The chemo gives me really bad acne, the kind that is deep and hurts and now it is on my scalp.  Owie! My scalp is already sensitive from the chemo and the zits are not a bonus. Booooo!  Speaking of sensitive, my forearms have developed a bit of a neuropathy from the chemo as well.  My forearms feel like they have been burned (think sunburn or you put them on the burner on the stove burn) and sometimes even the wind blowing on them hurts.  It is weird I know.   The other thing is that I am having menopause type symptoms (again, result of chemo) and I have hot flashes throughout the day and most often at night.  I all of the sudden get so hot I want to crawl out of my skin, just unzip it like big zipper suit and step right out....ahhhhh...that would be nice.  Then I freeze to death, goosebumps (chicken skin as we call it) and all chattery and needing a blanket, 10 minutes later back to dripping sweat.  Other than that I feel great :)  You know, it could be much worse, so I am not complaining.  Plus I have two of the best nurses in the world taking care of me.  Nurse Lynda and Nurse Beverly I love you both soooo much!  Thank you for taking such great care of me.  Not to mention all of those of you out there sending me healing through Reiki, I love it!  I am also informed that acupuncture works quite well for helping the hot flashes and the neuropathy, good thing I have 8 punches left on my card for our local community acupuncture clinic Working Class Acupuncture.


You must read this book!
I just finished a wonderful book given to me by a friend named Elise.  It is called You Can Heal Your Body by Louise Hay.  It is such a wonderful book!

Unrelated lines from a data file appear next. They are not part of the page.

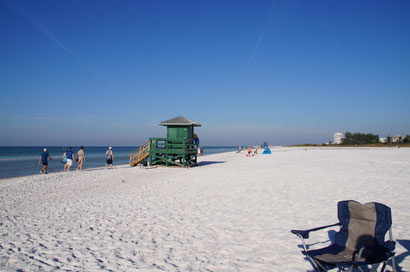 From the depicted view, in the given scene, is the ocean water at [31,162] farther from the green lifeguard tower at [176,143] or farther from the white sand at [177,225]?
the white sand at [177,225]

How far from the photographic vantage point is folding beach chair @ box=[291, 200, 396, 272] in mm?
2771

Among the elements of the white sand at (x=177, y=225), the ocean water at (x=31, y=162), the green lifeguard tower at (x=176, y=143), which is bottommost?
the ocean water at (x=31, y=162)

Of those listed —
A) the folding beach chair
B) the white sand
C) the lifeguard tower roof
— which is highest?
the lifeguard tower roof

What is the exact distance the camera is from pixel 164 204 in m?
6.96

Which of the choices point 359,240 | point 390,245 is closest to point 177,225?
point 359,240

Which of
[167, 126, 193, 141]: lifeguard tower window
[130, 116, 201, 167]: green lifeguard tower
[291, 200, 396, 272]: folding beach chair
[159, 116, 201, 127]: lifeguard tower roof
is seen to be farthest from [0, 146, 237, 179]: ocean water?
[291, 200, 396, 272]: folding beach chair

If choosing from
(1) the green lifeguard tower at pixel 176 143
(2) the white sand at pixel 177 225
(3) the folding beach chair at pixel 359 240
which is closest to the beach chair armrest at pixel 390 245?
(3) the folding beach chair at pixel 359 240

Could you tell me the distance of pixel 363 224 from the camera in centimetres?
321

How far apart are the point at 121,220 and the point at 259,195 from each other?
423 centimetres

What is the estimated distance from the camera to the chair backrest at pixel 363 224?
3.02 m

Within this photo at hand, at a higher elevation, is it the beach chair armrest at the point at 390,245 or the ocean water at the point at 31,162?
the beach chair armrest at the point at 390,245

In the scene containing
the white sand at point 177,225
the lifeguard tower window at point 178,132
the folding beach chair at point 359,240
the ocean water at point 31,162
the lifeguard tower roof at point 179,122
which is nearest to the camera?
the folding beach chair at point 359,240

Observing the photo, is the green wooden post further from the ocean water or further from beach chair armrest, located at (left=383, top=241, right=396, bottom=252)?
beach chair armrest, located at (left=383, top=241, right=396, bottom=252)

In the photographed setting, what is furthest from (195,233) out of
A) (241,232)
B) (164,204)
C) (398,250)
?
(398,250) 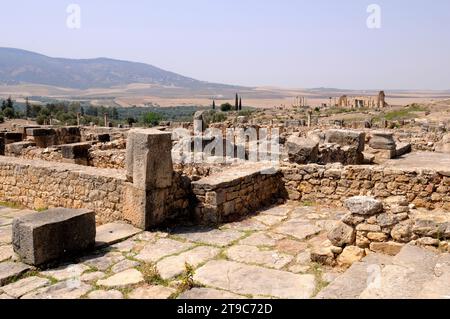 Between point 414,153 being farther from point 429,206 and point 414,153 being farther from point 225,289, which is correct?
point 225,289

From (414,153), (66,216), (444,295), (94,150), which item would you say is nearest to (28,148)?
(94,150)

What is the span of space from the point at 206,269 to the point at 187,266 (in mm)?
399

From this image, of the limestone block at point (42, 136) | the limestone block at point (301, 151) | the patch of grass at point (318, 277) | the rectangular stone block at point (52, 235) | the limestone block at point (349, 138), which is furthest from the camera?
the limestone block at point (42, 136)

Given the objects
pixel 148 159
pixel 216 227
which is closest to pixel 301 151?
pixel 216 227

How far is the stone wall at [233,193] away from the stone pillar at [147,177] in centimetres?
60

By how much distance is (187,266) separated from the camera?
14.9ft

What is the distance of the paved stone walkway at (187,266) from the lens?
14.1 ft

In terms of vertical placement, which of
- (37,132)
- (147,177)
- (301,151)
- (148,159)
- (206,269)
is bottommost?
(206,269)

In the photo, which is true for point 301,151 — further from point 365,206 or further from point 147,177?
point 365,206

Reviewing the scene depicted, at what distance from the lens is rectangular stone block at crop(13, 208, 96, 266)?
16.0 ft

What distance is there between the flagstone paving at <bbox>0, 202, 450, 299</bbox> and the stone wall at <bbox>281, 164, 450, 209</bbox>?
1253 mm

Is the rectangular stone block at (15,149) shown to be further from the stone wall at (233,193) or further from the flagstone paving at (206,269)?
the stone wall at (233,193)

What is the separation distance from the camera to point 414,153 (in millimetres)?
14289

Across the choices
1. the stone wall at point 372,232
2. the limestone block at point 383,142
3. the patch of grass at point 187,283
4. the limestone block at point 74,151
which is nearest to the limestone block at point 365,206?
the stone wall at point 372,232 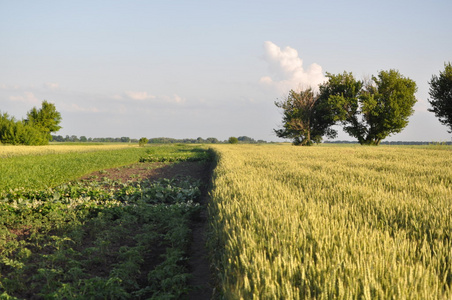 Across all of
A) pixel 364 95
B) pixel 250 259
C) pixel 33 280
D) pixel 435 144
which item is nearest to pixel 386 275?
pixel 250 259

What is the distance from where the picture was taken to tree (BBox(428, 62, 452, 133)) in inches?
1689

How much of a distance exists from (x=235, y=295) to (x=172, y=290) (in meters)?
2.47

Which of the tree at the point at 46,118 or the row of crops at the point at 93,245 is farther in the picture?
the tree at the point at 46,118

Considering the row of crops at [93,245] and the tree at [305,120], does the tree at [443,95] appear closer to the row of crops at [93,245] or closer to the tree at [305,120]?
the tree at [305,120]

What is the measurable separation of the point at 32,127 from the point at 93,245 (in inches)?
2827

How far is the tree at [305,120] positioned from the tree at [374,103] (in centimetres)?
382

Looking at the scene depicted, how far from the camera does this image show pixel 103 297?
471cm

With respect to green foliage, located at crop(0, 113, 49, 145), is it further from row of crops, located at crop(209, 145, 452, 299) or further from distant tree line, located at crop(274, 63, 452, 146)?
row of crops, located at crop(209, 145, 452, 299)

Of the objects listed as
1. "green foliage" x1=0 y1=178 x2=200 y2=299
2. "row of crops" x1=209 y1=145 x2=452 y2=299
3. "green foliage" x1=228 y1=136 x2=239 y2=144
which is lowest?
"green foliage" x1=0 y1=178 x2=200 y2=299

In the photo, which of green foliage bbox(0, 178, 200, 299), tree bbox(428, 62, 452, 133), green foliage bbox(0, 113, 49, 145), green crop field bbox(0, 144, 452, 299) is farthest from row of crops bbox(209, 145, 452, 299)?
green foliage bbox(0, 113, 49, 145)

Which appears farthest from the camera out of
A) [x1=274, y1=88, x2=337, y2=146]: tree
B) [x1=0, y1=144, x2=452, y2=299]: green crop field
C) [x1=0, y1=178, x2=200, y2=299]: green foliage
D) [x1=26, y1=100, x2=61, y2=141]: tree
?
[x1=26, y1=100, x2=61, y2=141]: tree

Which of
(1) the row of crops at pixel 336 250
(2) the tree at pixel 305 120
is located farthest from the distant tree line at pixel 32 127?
(1) the row of crops at pixel 336 250

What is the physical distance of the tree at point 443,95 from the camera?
42.9 m

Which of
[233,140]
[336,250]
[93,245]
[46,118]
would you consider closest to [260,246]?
[336,250] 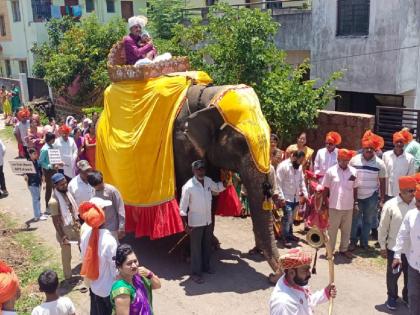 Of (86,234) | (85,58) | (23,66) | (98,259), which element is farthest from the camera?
(23,66)

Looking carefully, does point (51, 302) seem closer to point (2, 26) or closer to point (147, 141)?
point (147, 141)

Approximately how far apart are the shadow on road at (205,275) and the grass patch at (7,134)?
11.0 metres

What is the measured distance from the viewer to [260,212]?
20.2ft

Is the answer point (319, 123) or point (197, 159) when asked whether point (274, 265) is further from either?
point (319, 123)

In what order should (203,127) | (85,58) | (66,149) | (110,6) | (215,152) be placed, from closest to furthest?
(203,127), (215,152), (66,149), (85,58), (110,6)

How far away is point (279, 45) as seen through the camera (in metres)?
16.3

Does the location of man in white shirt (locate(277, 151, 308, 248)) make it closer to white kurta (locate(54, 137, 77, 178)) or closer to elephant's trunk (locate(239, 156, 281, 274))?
elephant's trunk (locate(239, 156, 281, 274))

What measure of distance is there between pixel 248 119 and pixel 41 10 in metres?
22.9

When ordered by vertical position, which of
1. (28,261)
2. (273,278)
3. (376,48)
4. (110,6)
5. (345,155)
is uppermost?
(110,6)

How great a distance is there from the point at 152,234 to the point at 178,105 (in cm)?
178

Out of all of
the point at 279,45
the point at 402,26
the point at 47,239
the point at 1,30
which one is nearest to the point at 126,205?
the point at 47,239

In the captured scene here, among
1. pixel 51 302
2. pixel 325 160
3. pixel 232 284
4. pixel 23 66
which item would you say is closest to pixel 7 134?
pixel 23 66

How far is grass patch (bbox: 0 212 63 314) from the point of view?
6219 mm

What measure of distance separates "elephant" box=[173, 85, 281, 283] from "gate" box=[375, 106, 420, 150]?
407cm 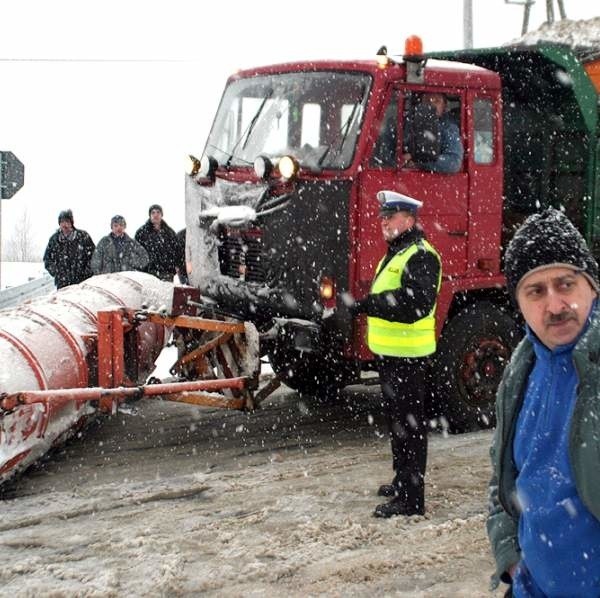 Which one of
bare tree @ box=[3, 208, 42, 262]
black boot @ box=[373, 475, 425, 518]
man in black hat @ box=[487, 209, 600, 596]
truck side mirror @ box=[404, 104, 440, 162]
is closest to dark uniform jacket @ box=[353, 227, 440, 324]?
black boot @ box=[373, 475, 425, 518]

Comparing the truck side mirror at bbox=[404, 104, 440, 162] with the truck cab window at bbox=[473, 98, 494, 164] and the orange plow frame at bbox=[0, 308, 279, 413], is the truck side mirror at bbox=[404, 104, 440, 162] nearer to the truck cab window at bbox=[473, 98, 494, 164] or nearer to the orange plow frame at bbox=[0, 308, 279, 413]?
the truck cab window at bbox=[473, 98, 494, 164]

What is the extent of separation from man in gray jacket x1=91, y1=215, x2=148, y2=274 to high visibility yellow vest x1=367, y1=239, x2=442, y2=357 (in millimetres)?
4620

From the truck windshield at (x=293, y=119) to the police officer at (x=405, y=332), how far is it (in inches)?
49.0

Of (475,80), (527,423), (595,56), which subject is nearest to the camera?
(527,423)

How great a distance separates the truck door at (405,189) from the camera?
5.77 meters

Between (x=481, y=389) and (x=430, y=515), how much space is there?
1922 millimetres

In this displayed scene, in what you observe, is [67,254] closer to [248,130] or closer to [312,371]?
[312,371]

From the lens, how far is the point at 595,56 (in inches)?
289

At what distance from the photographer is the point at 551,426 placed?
6.07 ft

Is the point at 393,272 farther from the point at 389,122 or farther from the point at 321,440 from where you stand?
the point at 321,440

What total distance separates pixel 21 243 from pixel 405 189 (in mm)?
42046

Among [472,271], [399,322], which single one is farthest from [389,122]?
[399,322]

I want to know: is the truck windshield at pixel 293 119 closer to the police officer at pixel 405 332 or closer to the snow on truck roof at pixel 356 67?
the snow on truck roof at pixel 356 67

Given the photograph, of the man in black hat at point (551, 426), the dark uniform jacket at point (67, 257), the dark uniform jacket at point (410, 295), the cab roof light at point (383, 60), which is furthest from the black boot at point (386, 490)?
the dark uniform jacket at point (67, 257) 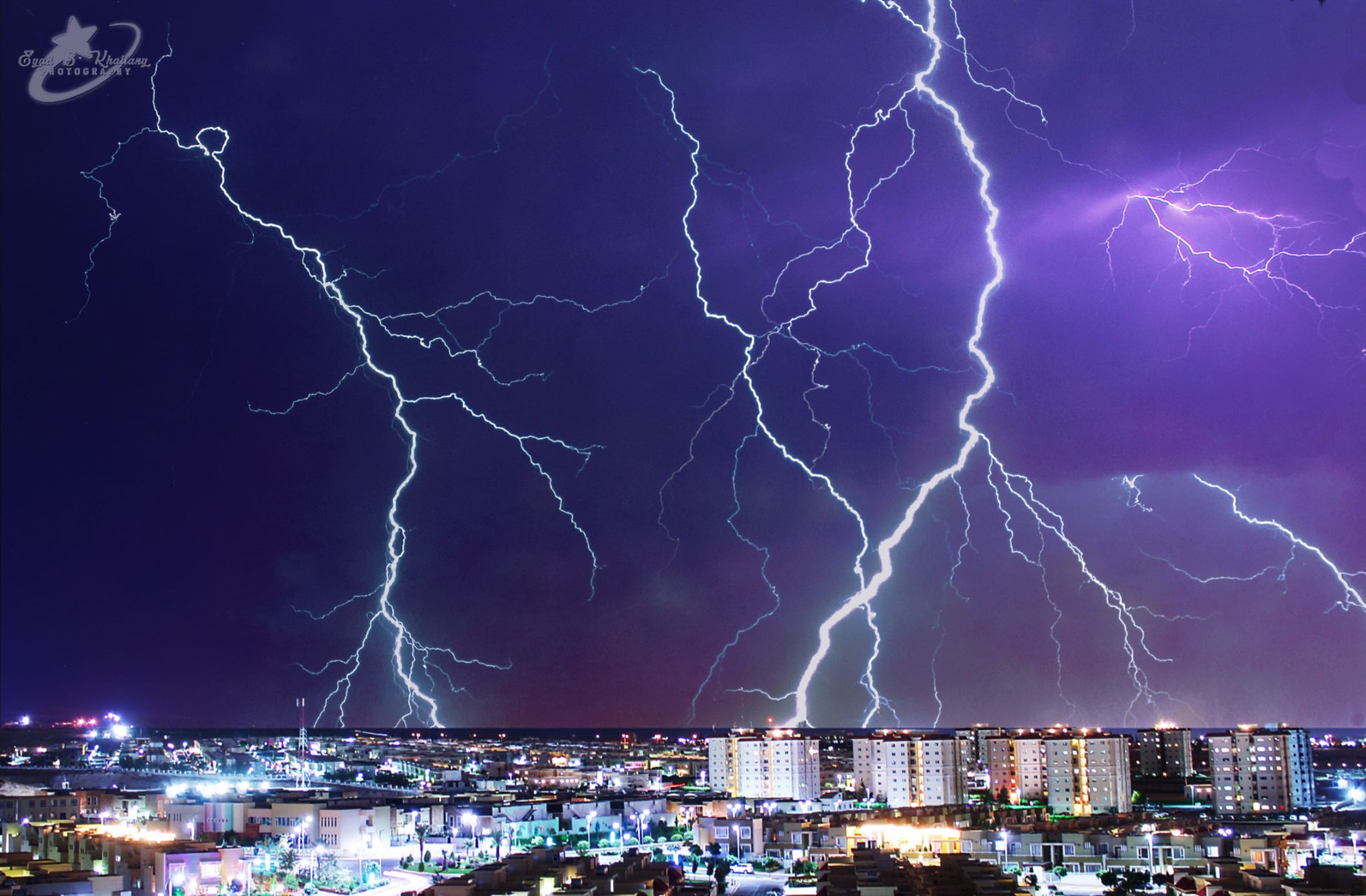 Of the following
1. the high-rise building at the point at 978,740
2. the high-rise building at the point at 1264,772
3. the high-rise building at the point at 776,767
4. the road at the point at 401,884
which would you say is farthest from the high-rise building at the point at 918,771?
the road at the point at 401,884

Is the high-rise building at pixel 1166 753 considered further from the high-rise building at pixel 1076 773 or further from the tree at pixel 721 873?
the tree at pixel 721 873

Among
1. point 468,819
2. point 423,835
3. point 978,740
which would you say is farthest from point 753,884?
point 978,740

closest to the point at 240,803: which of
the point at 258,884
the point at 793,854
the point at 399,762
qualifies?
the point at 258,884

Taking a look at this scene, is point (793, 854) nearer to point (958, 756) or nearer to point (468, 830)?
point (468, 830)

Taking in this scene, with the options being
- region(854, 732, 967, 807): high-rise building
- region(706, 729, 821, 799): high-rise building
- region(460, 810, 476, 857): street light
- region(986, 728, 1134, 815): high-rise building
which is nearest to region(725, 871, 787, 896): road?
region(460, 810, 476, 857): street light

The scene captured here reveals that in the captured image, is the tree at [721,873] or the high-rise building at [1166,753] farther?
the high-rise building at [1166,753]

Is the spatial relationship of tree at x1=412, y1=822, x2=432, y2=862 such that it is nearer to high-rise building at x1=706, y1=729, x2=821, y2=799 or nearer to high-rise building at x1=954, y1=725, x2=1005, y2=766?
high-rise building at x1=706, y1=729, x2=821, y2=799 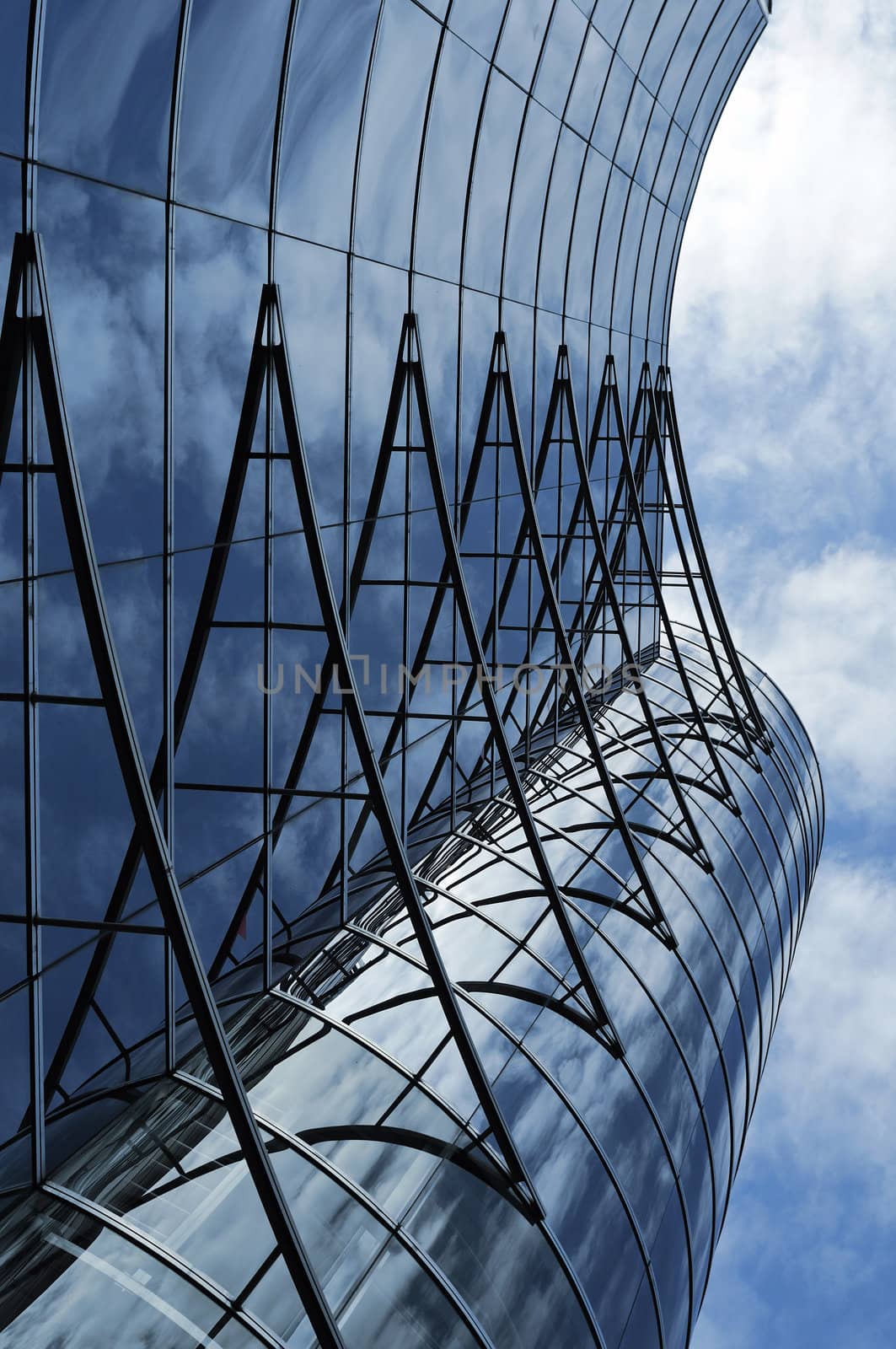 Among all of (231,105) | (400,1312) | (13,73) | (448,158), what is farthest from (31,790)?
(448,158)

Everyone should read it and keep it for reference.  If you have not heard of it or her you should check it out here.  I have been reading up on how our bodies get cancer in the first place.



1. Our food

I'm talking about the stuff you are not getting at the farmers market or at the organic section of your local community grocery store.  The stuff with words we can't pronounce, all the additives, colorings, chemicals.  Tell me again why we are ok with letting people put this crap in our food?  When did we become complacent and let large corporations tell us that eating Cheezits would be a good source of our daily need for calcuim, or that Cheerios are good for our heart.  Even Campbells tomato soup has high fructose corn syrup as one of the first ingredients!  We are either just plain ignorant or too stubborn to admit that these foods are not healthy for us.  We feed them to our children for crying out loud! Our babies, our toddlers, our tweens and teens and wonder why they can't pay attention in school or why they have ADHD, ADD, IBS, diabetes, or any other myriad of disorders.  Ok, enough of this...Just remember that you are what you eat, literally.  YOUR body is comprised of what you put into your mouth.  So if you think that Twinkies and soda is your thing, and just one a day wont hurt, you might want to think again and read those labels and google those ingredients just to see what they are doing to your body.





2. Things we put on our body/things we breathe.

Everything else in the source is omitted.